If that doesn’t seem sufficient to you, take a look at these awesome utensils. Last year, we gave out these spoon/fork/knife combinations to the freshman dorms- maybe you have one- and I know I’ve been using mine ever since. They’re durable, easy to wash, easy to fit in a bag, and work better than plastic utensils you might pick up at a fast food joint. They come in all colors and several different materials. If you already have one- great! Just throw it in your bag and you’re ready to cut down on plastic waste. If you don’t have one, we recommend purchasing one online or at a camping supply store. Camping supply stores are great resources for easy-to-pack reusable gadgets.
Another easy way to cut down on waste is to carry a reusable straw. They’ve become much more popular in the last few years and, as a result, they now come in a variety of materials and designs including hard plastic, stainless steel, glass, and even bamboo. Most of the time you can get away without even using a straw, but for the times you can’t or it’s more difficult to, like when drinking smoothies and milkshakes, these are a great alternative to single-use plastic straws. Better yet, get one that fits your reusable mug or water bottle.

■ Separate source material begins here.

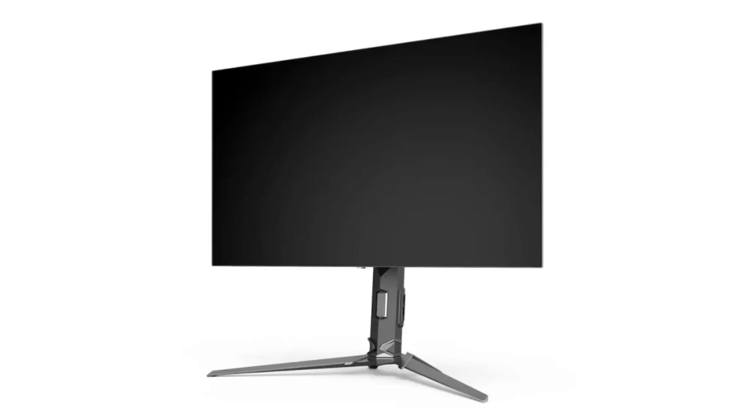Acer has announced three new Predator Series gaming monitors that offer OLED displays and are compatible with NVIDIA's G-Sync and AMD's FreeSync Premium Pro. The monitors come with stands that tilt and swivel. All models support 10-bit color depth and come with a 99% color gamut rating.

Tupperware is a no-brainer when it comes to reusables. You can buy it or just save jars and containers you buy anyway. You can even use the ever popular mason jar to store or pack just about anything. These are easy, tried-and-true methods.
Here at the Office of Sustainability, however, we think that reusable Tupperware should also be used for another purpose: taking home leftovers or takeout. Too many take-out or left-over containers are Styrofoam, which is toxic, never fully degrades, and kills marine life. The solution? Bringing your own reusable container. As you’ve already probably guessed, this can be challenging because bulky Tupperware isn’t exactly convenient to carry around. That’s why we suggest purchasing a collapsible Tupperware container. There are many such containers to choose from online and at grocery and home supply stores. Just collapse these containers, fit them easily in a bag, and use them to carry your leftovers. Easy!

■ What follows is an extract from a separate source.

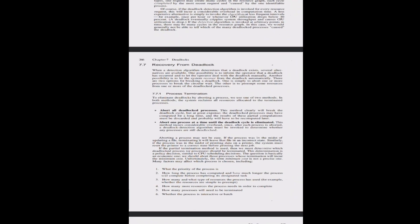Recovery from Deadlock: When a detection algorithm determines that a deadlock exists, several alternatives are available. One possibility is to inform the operator and let them deal with the deadlock manually. Another is to let the system recover automatically. There are two options for breaking a deadlock: simply abort one or more processes to break the circular wait, or preempt some resources from one or more of the deadlocked processes.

Reusable mugs and water bottles are number one on our list of best reusables! They not only eliminate thousands of pounds of waste in plastic bottles and paper cups every day, but they’ll save you a lot of money around campus. Two campus initiatives support the use of reusable mugs and water bottles: SGA’s campaign Take Back the Tap, and The Mug Project. Take Back the Tap encourages students to use water fountains, especially Britta water stations, around campus instead of buying wasteful bottled water. The Mug Project adds some financial incentive to getting rid of single-use drinking containers: any student, faculty, or staff member can bring a 24-ounce or less mug or bottle to UT Dining locations and receive 99 cent drip coffee and fountain beverages. Over 90 percent of UT Dining locations offer this great program including Starbucks, Einstein’s, Quiznos, and Subway.

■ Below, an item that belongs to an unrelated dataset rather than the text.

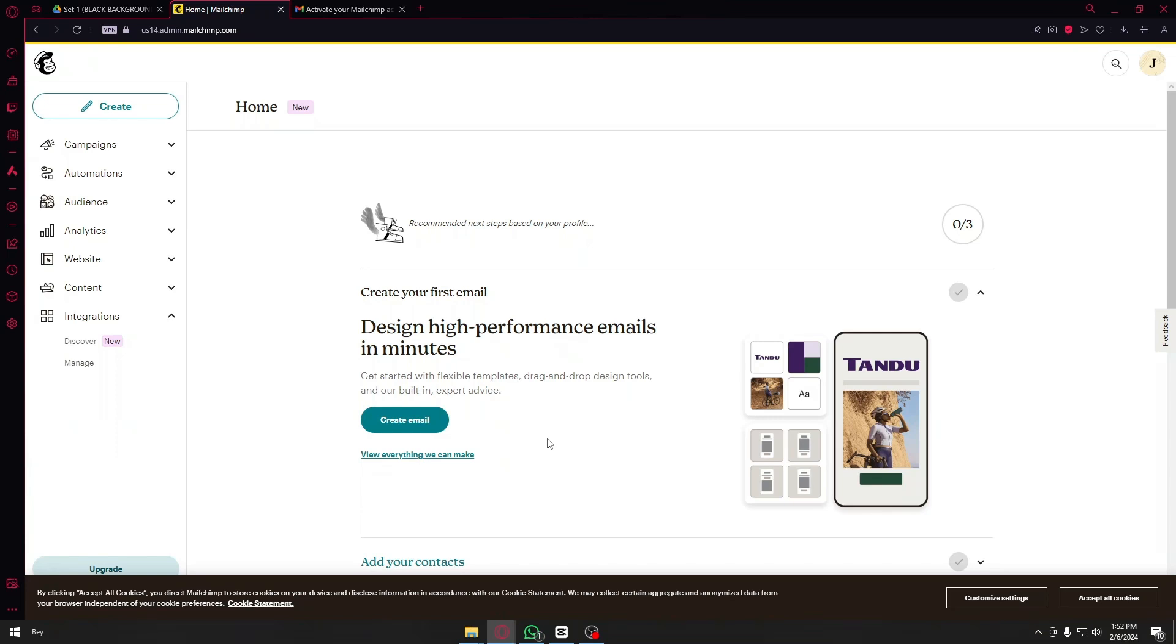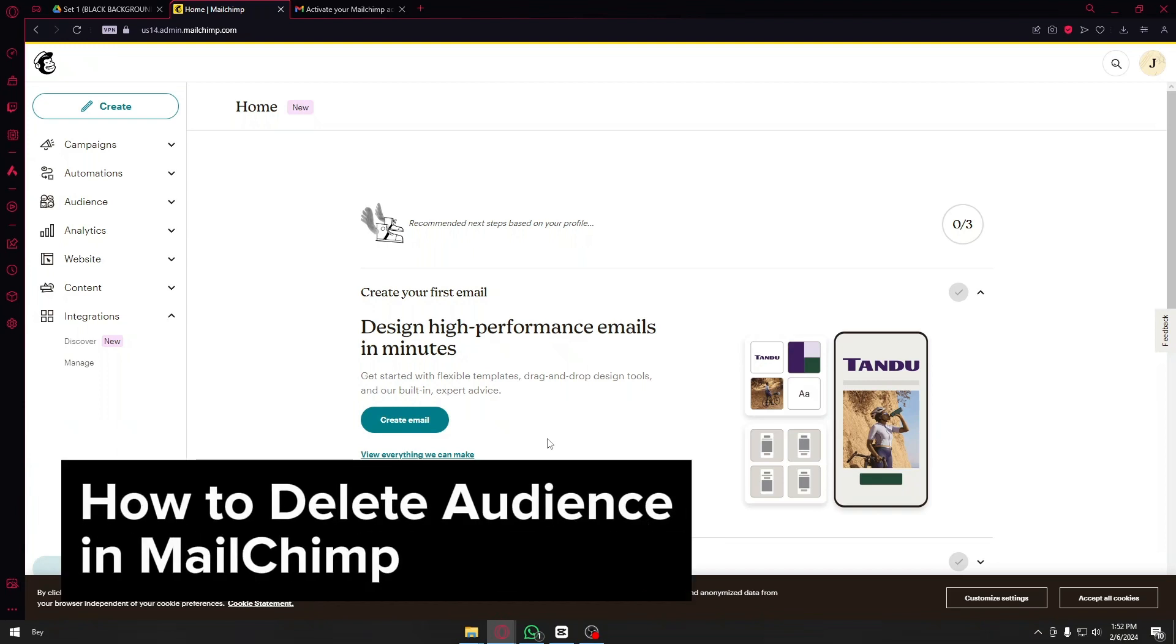Hello everyone, hopefully you're having a wonderful day. In this tutorial we are going to talk about how to delete audience in MailChimp. This is a step-by-step guide so you should be able to follow easily.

Reusable mugs and water bottles are so prevalent, we expect you’ll be able to find a perfect one for you no problem, in fact, it’s likely you already have one, but here are a few options, just to let you know what’s out there. You can of course get a traditional lightweight plastic water bottle, but if you want to be extra kind to the environment and your body, we recommend glass water bottles. They’re much less toxic than plastic, surprisingly durable, and after a hot day, most people agree the water inside tastes way better. If you have a hard time remembering your water bottle, you can try clipping it to your bag or even look into a collapsible water bottle or collapsible mug that will fit easily inside your bag or pocket. If you need a mug that will keep things at just the right temperature, try an insulated mug. With any of those, you are well on your way to saving money and eliminating waste.